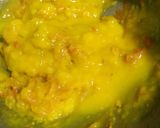 लौकी दाल (Lauki dal recipe in hindi) रेसिपी चरण 4 फोटो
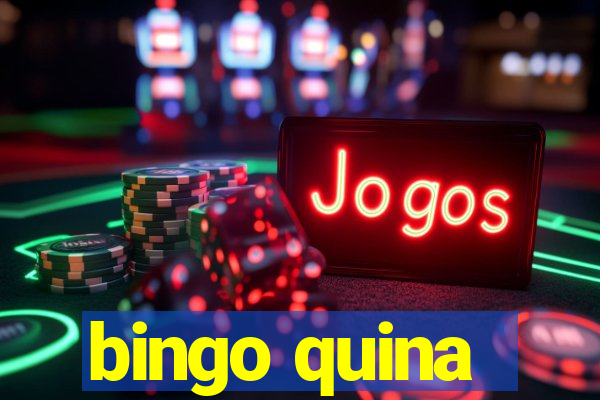 bingo quina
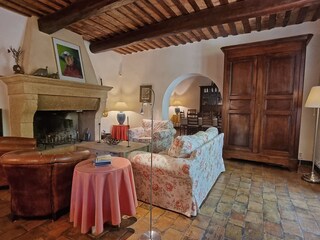 Villa Laudun-l’Ardoise Características 65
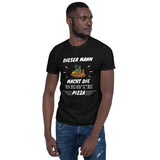 Beste Pizza T-Shirt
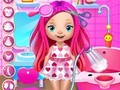 Hra Svět Bella Candy World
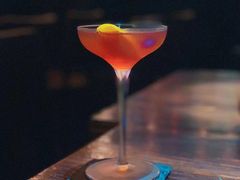 -HUNTING BAR亨霆鸡尾酒馆(越秀淘金店)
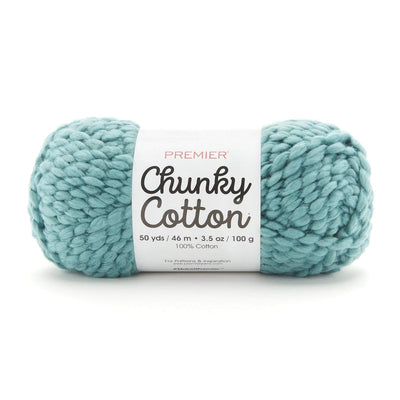 Chunky Cotton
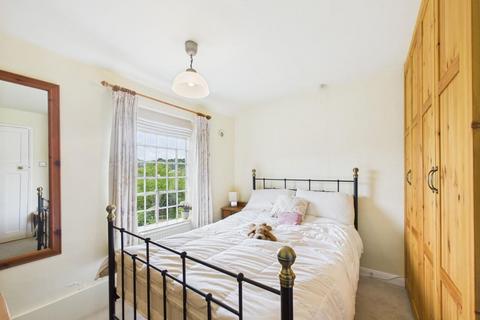 2 bedroom detached house for sale, Wash Green, Matlock DE4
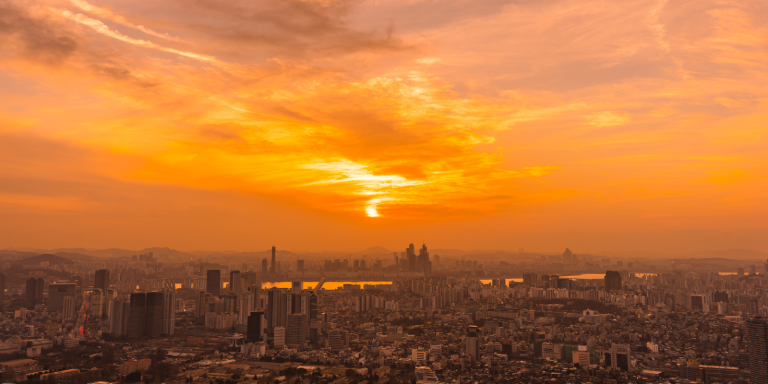 Copernicus: Το 2025 «σπάει» ρεκόρ ζέστης – Δεύτερο θερμότερο έτος όλων των εποχών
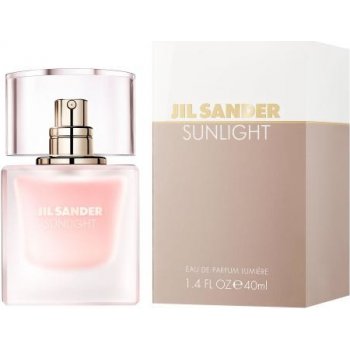 Jil Sander Simply Jil Sander Eau de Toilette toaletná voda dámska 40 ml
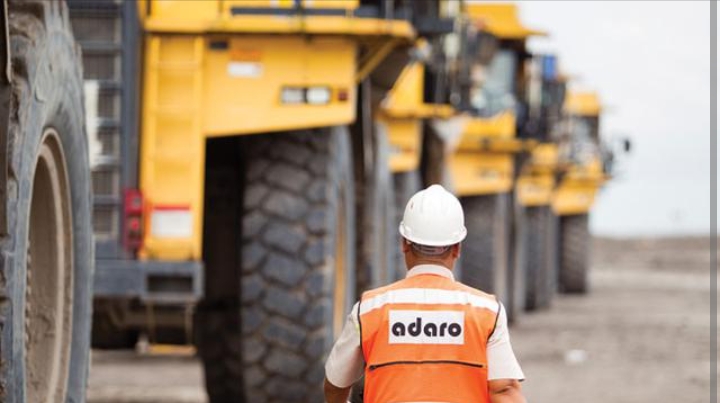 ADRO Tetapkan Kurs Dividen Interim, Total Dana Cair Rp4,18 Triliun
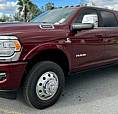 2024 Ram 3500 Limited | Low Kms | 5Th Wheel Prep | Adaptive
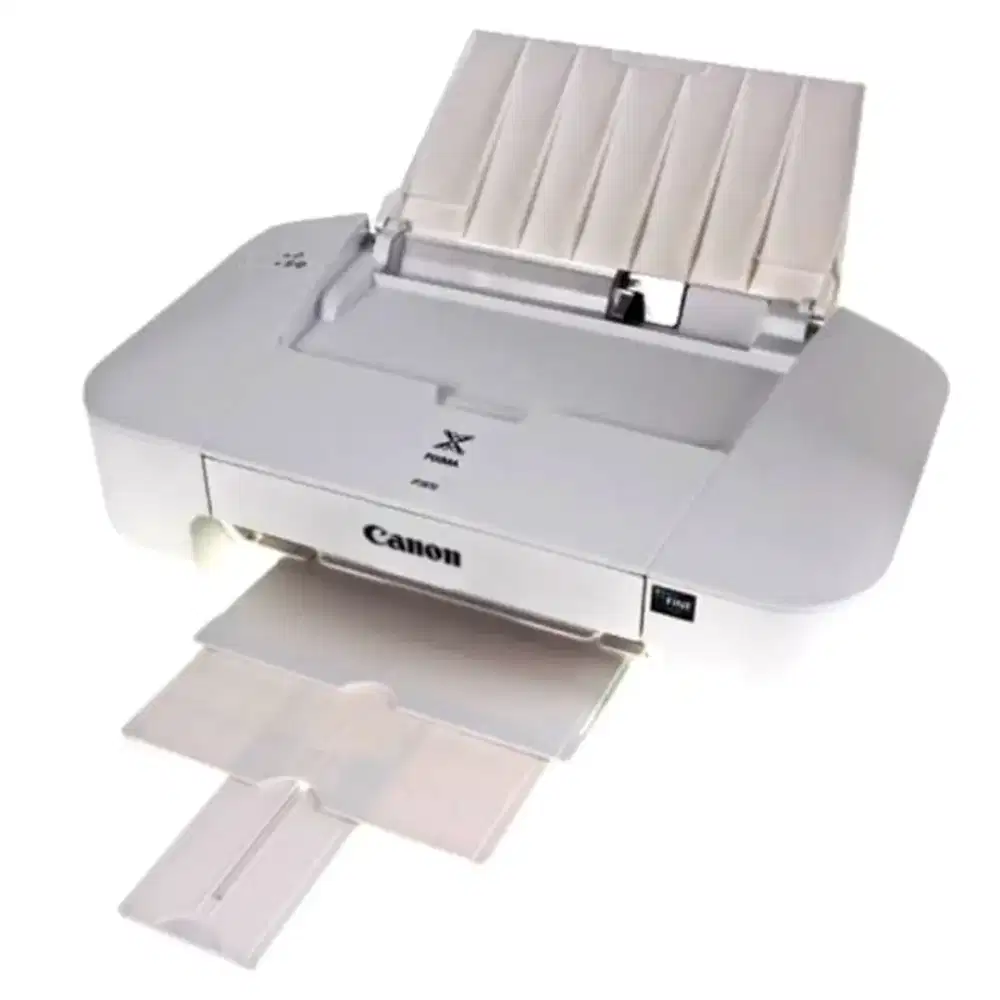PRINTER CANON IP2870 WHITE LANGKA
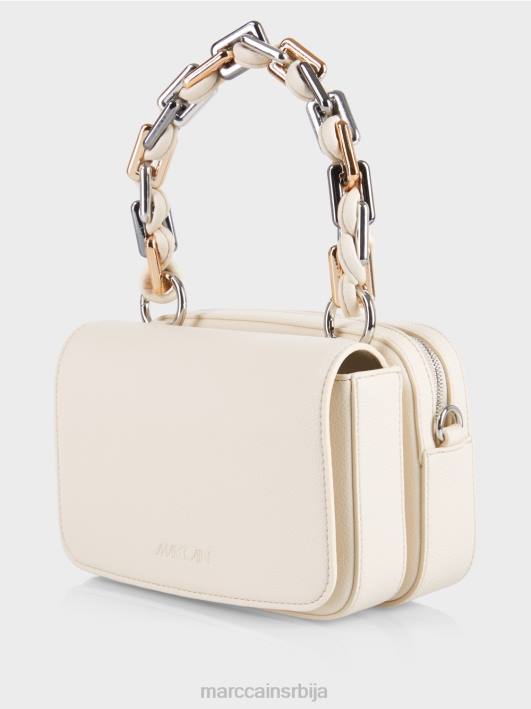 два у једном торба за раме Marc Cain D6881491 дим прибор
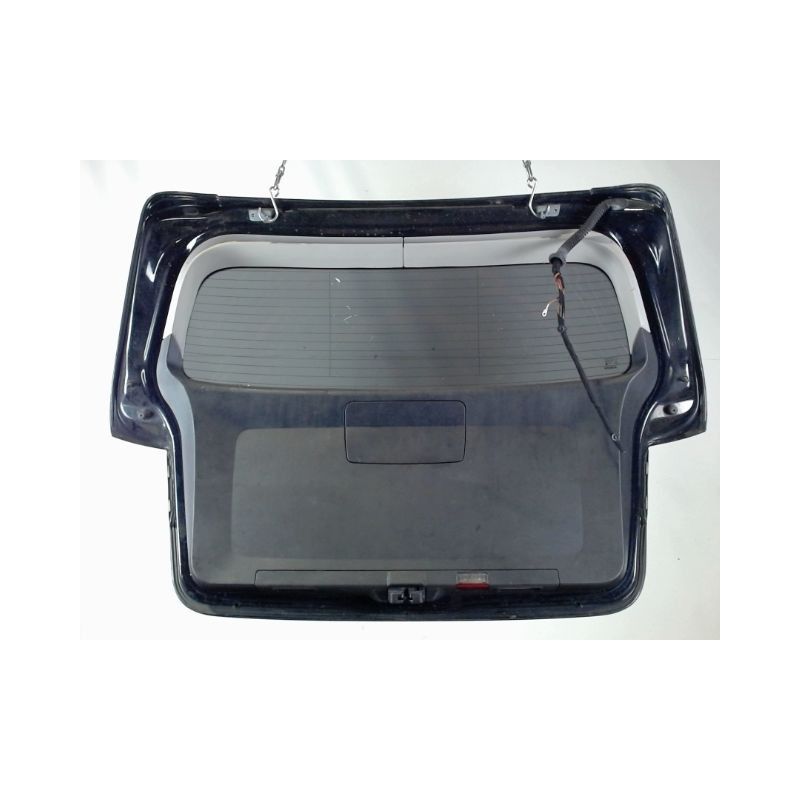 HAYON MERCEDES CLASSE B 2008-
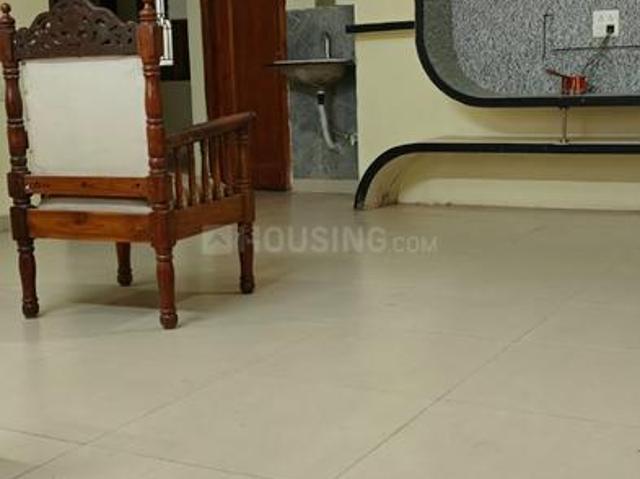 3 BHK Independent House in Shankar Nagar for rent Raipur. The reference number is 21049458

▬▬▬▬▬▬

An exact copy of the listing is required; return it without any pictures.

 लौकी दाल (Lauki dal recipe in hindi) रेसिपी चरण 4 फोटो
 bingo quina
 Villa Laudun-l’Ardoise Características 65
 Beste Pizza T-Shirt
 Hra Svět Bella Candy World
 -HUNTING BAR亨霆鸡尾酒馆(越秀淘金店)
 Chunky Cotton
 2 bedroom detached house for sale, Wash Green, Matlock DE4
 Copernicus: Το 2025 «σπάει» ρεκόρ ζέστης – Δεύτερο θερμότερο έτος όλων των εποχών
 Jil Sander Simply Jil Sander Eau de Toilette toaletná voda dámska 40 ml
 ADRO Tetapkan Kurs Dividen Interim, Total Dana Cair Rp4,18 Triliun
 2024 Ram 3500 Limited | Low Kms | 5Th Wheel Prep | Adaptive
PRINTER CANON IP2870 WHITE LANGKA
 два у једном торба за раме Marc Cain D6881491 дим прибор
 HAYON MERCEDES CLASSE B 2008-
 3 BHK Independent House in Shankar Nagar for rent Raipur. The reference number is 21049458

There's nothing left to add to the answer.